> **WORK TO BE COMPLETED**: From the line with "Passeggero accoltella hostess" through the line with "Ducati Panigale 1299S sur piste", repeat the entries verbatim, both end lines included, and add nothing.

> **STUDY MATERIAL**:
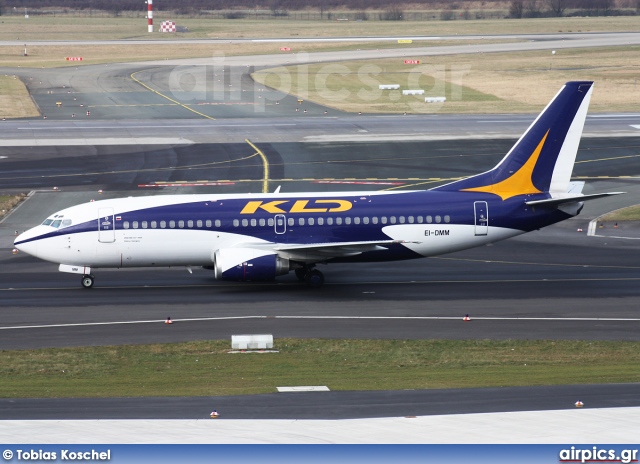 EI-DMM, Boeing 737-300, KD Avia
...
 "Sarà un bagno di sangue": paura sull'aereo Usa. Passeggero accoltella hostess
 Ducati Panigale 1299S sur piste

> **YOUR RESPONSE**:
 "Sarà un bagno di sangue": paura sull'aereo Usa. Passeggero accoltella hostess
 Ducati Panigale 1299S sur piste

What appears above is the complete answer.